Market Data Infrastructure
Real-Time Market Data Infrastructure¶
Comprehensive guide to Neutryx's real-time market data feeds, database connectors, and data validation framework.
Table of Contents¶
- Overview
- Quick Start
- Market Data Adapters
- Database Storage
- Data Validation
- Real-Time Feeds
- Examples
- Production Deployment
Overview¶
Neutryx provides enterprise-grade market data infrastructure with:
- Bloomberg & Refinitiv Integration: Native support for major data vendors
- Multi-Database Storage: PostgreSQL, MongoDB, and TimescaleDB connectors
- Data Validation: Comprehensive quality checks and anomaly detection
- Real-Time Feeds: Streaming data with automatic failover
- Production-Ready: Built for high-throughput, low-latency applications
Quick Start¶
Install Dependencies¶
# Core dependencies (already in requirements.txt)
pip install asyncpg motor
# Optional: Bloomberg API
pip install blpapi
# Optional: Refinitiv API
pip install refinitiv-dataplatform eikon
Basic Usage¶
from neutryx.market.adapters import BloombergAdapter, BloombergConfig
from neutryx.market.storage import TimescaleDBStorage, TimescaleDBConfig
from neutryx.market.validation import ValidationPipeline, PriceRangeValidator
from neutryx.market.feeds import FeedManager
# Configure Bloomberg
bloomberg_config = BloombergConfig(
adapter_name="bloomberg",
host="localhost",
port=8194
)
# Configure TimescaleDB
storage_config = TimescaleDBConfig(
host="localhost",
port=5432,
database="market_data",
username="trader",
password="secret",
compression_enabled=True
)
# Create components
adapter = BloombergAdapter(bloomberg_config)

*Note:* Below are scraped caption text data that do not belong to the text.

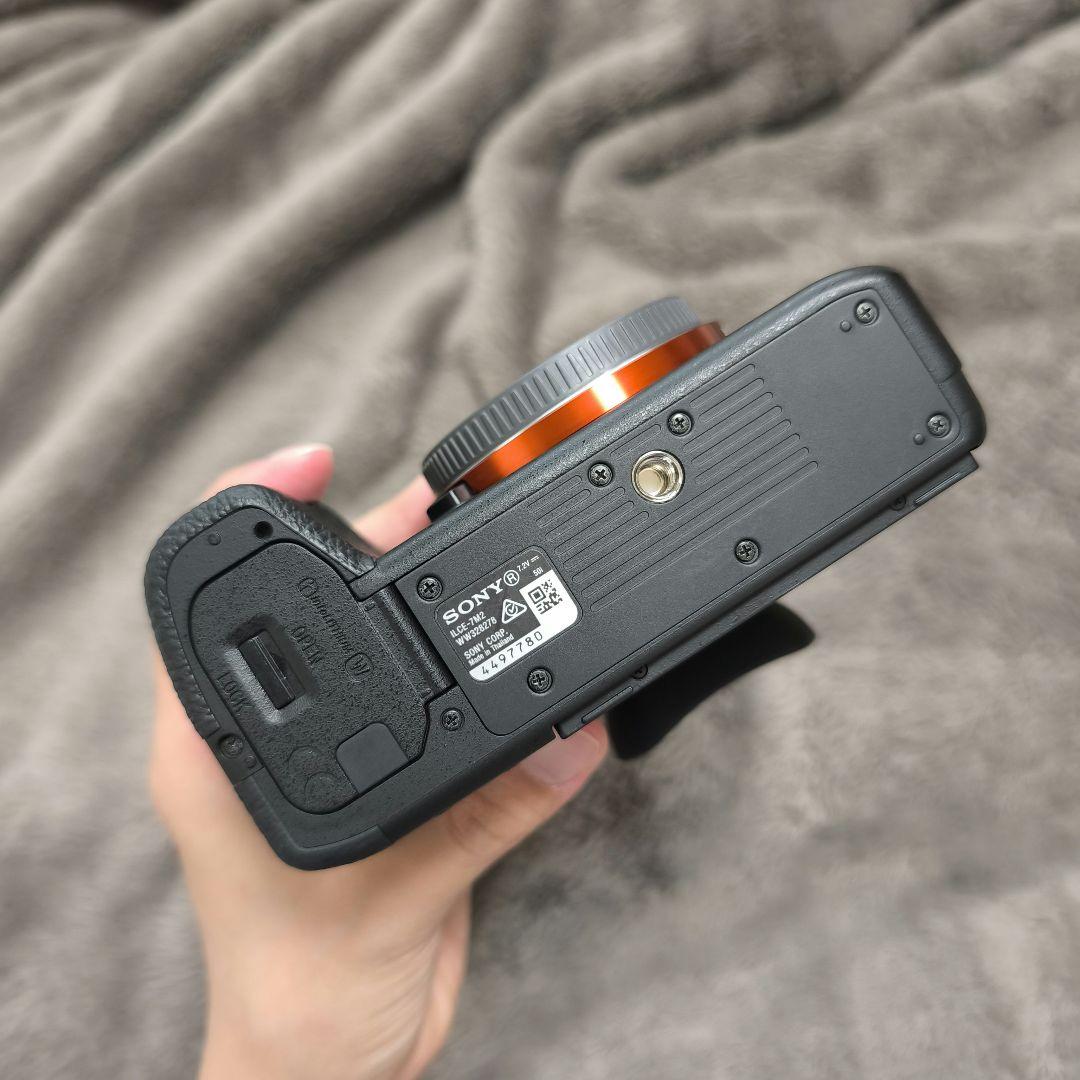 【5%値下げ中】SONY α7Ⅱ ミラーレスカメラ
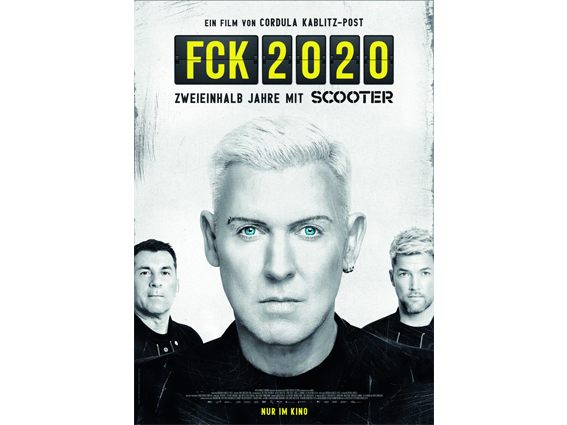 FCK 2020: Zweieinhalb Jahre mit Scooter – Kritik und Trailer zum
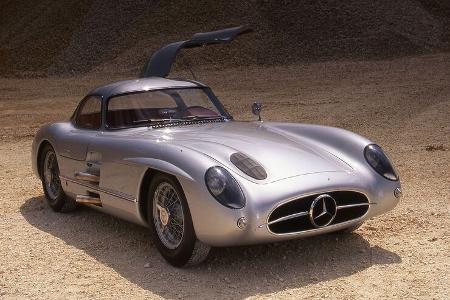 Mercedes 300 SLR Uhlenhaupt Coupé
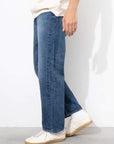 ordinary fits 117 type loose denim used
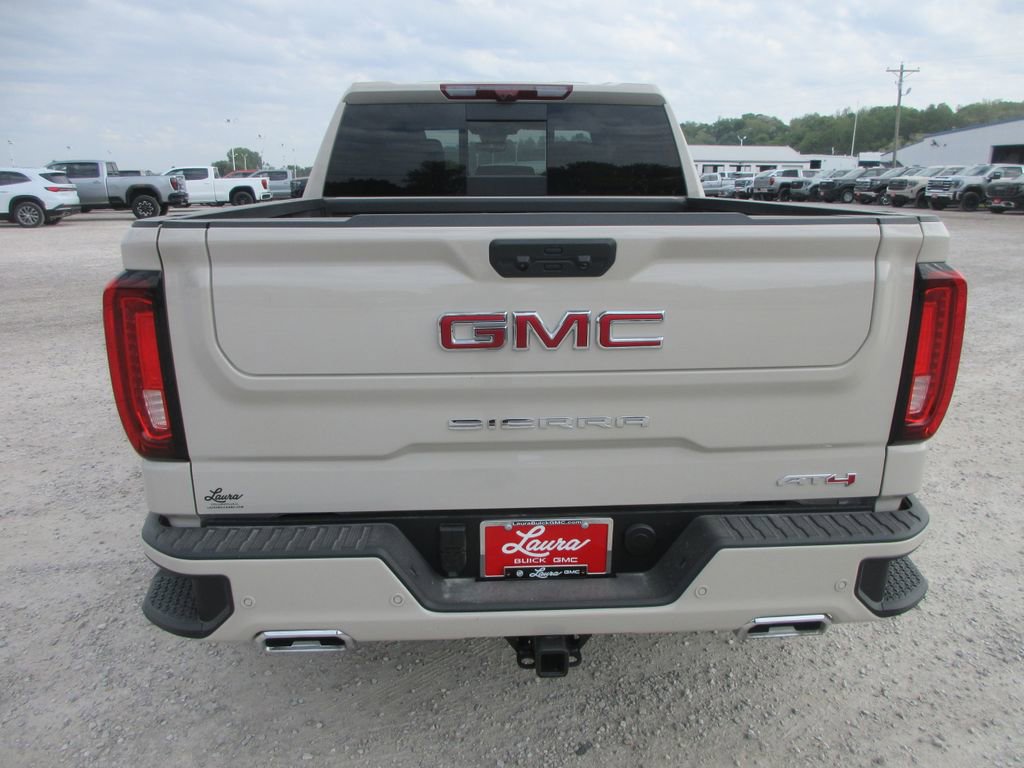 New 2026 GMC Sierra 1500 AT4 w/ AT4 Premium Package AWD/4WD image 6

storage = TimescaleDBStorage(storage_config)
# Setup validation
pipeline = ValidationPipeline()
pipeline.add_validator(PriceRangeValidator(min_price=0, max_price=10000))
# Create feed manager
manager = FeedManager(
adapters=[adapter],
storage=storage,
validation_pipeline=pipeline
)
# Start and subscribe
await manager.start()
await manager.subscribe("equity", ["AAPL", "MSFT", "GOOGL"])
Market Data Adapters¶
Bloomberg Adapter¶
Connect to Bloomberg Terminal or Bloomberg Server API (SAPI/BPIPE).

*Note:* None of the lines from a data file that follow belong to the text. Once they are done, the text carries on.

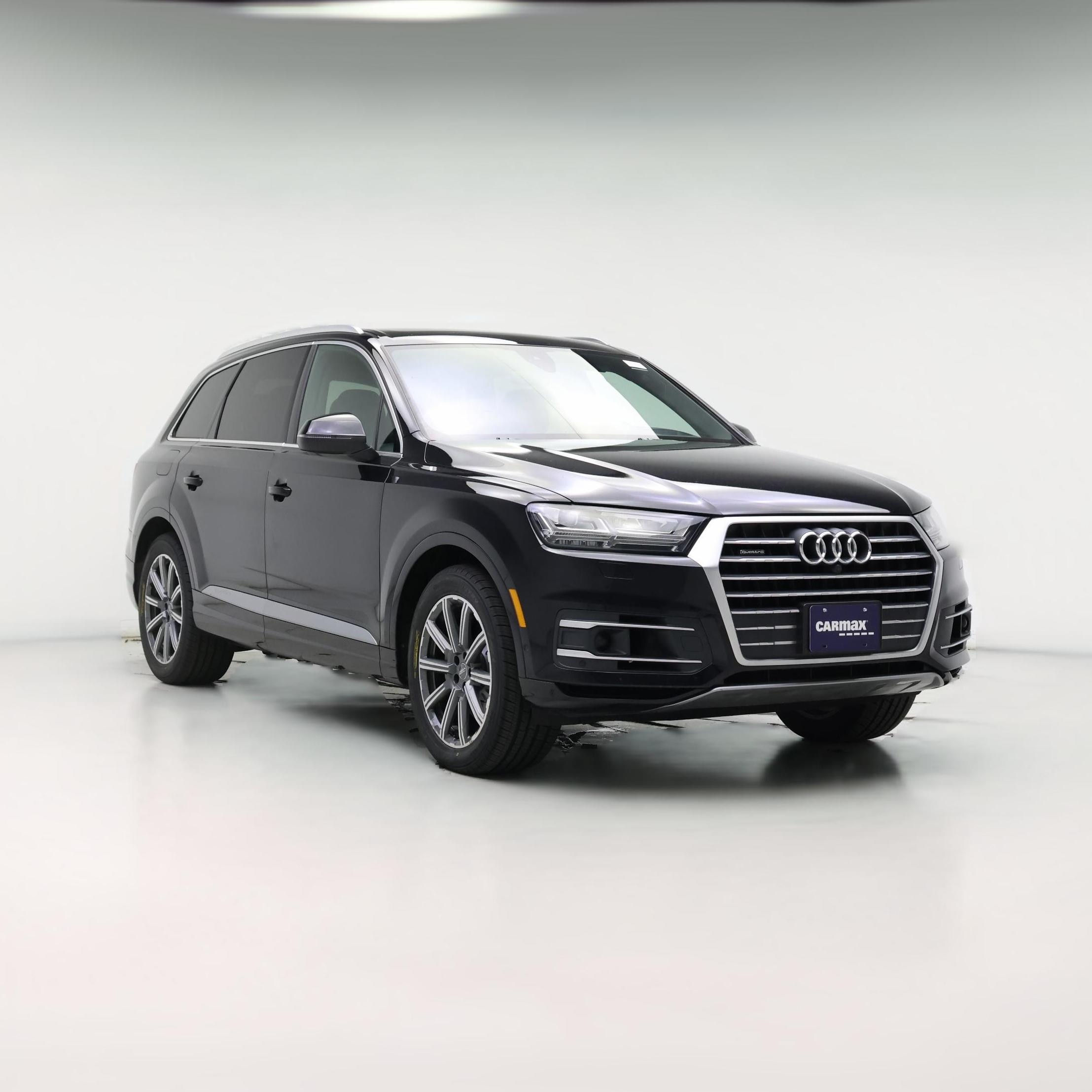 Thumbnail: 2019 Audi Q7 - 1
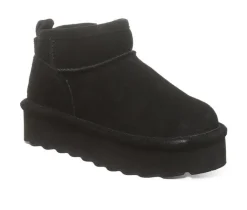Girls' Bearpaw Little & Big Kid Retro Shorty Platform Winter Booties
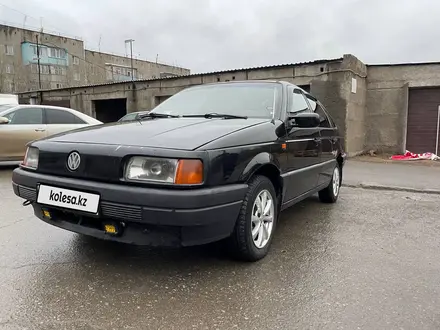 Volkswagen Passat 1992 года за 1 400 000 тг. в Темиртау – фото 3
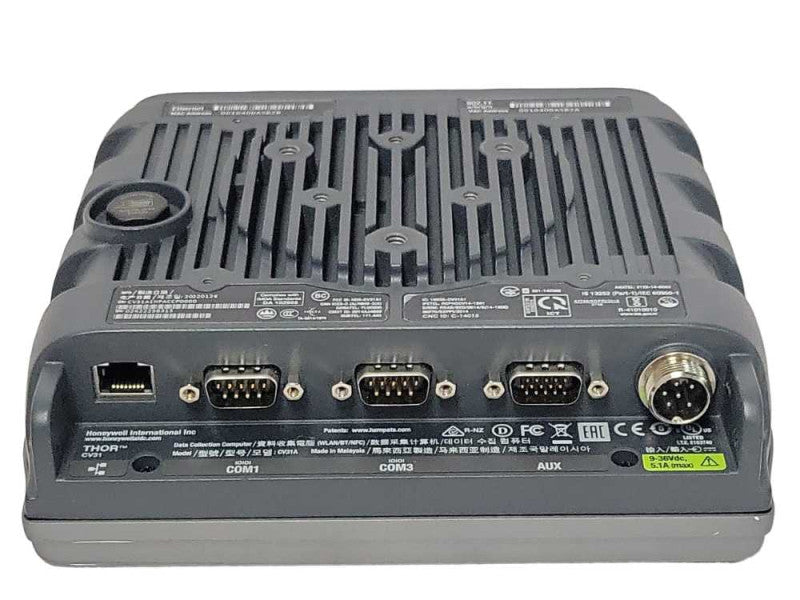 Honeywell Thor CV31 Vehicle Mounted Computer, READ Q_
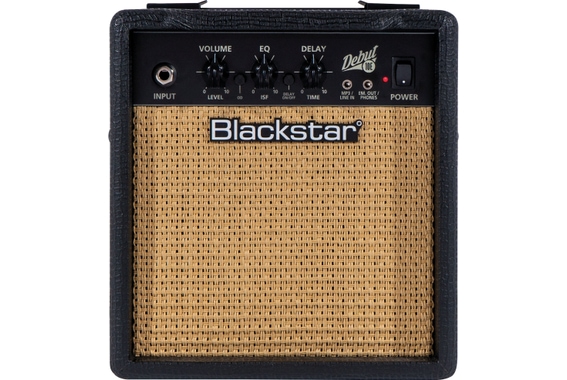 Blackstar Debut 10E Black image 1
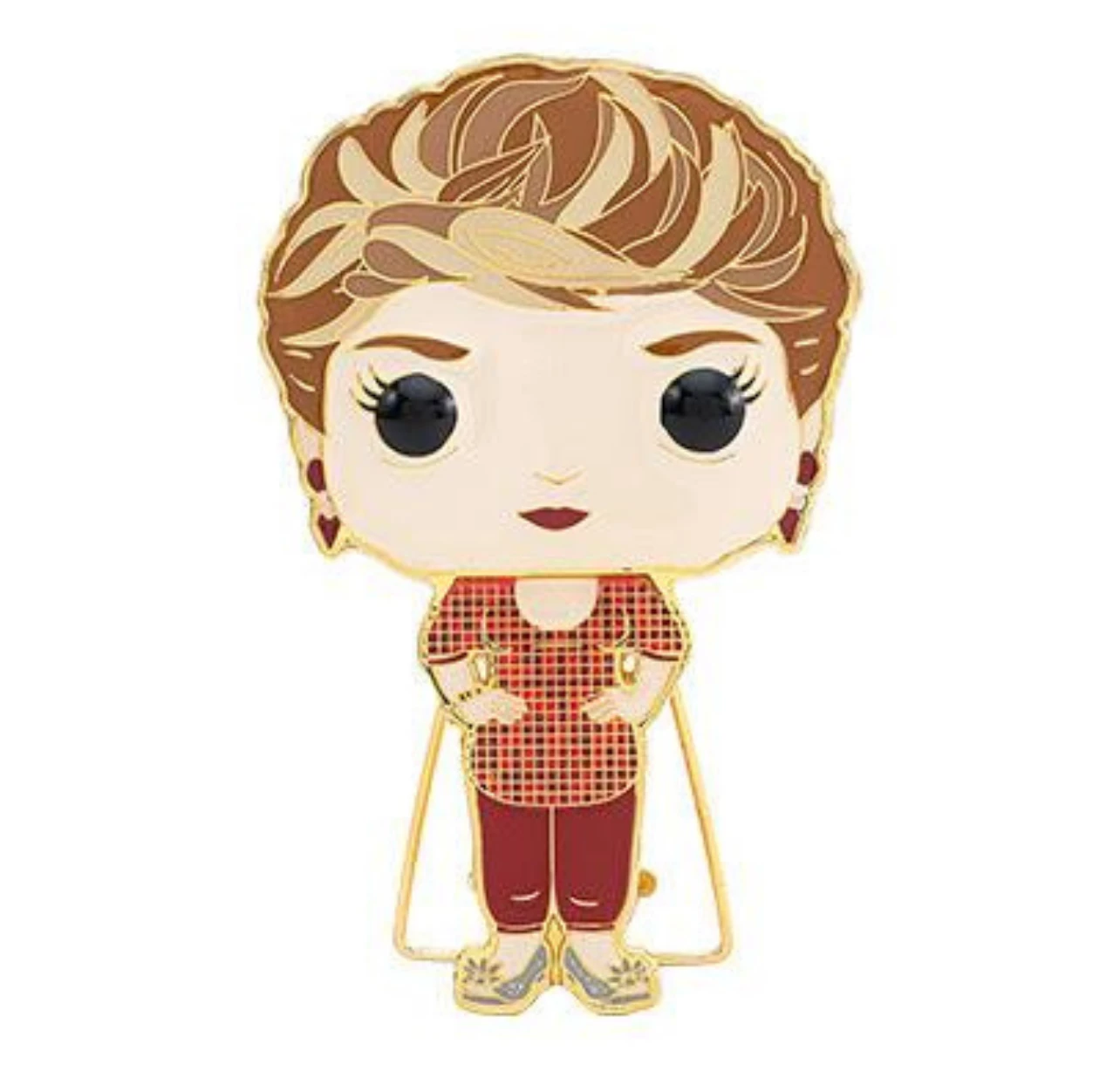 Cheapest ???? Golden ???? Girls Funko Pop! Pins Sophia ❤️ 4 Cheapest ???? Golden ???? Girls Funko Pop! Pins Sophia ❤️ - Image 2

from neutryx.market.adapters import BloombergAdapter, BloombergConfig
config = BloombergConfig(
adapter_name="bloomberg",
host="localhost", # Bloomberg API host
port=8194, # Bloomberg API port
application_name="Neutryx",
timeout_ms=5000,
cache_enabled=True
)
adapter = BloombergAdapter(config)
await asyncio.to_thread(adapter.connect)
# Get equity quote
quote = adapter.get_equity_quote("AAPL US Equity")
print(f"Price: {quote.price}, Volume: {quote.volume}")
# Get FX quote
fx_quote = adapter.get_fx_quote("EUR", "USD")
print(f"EUR/USD: {fx_quote.spot}")
# Get bond quote
bond_quote = adapter.get_bond_quote("US912828ZG94", id_type="isin")
print(f"Yield: {bond_quote.yield_to_maturity:.2%}")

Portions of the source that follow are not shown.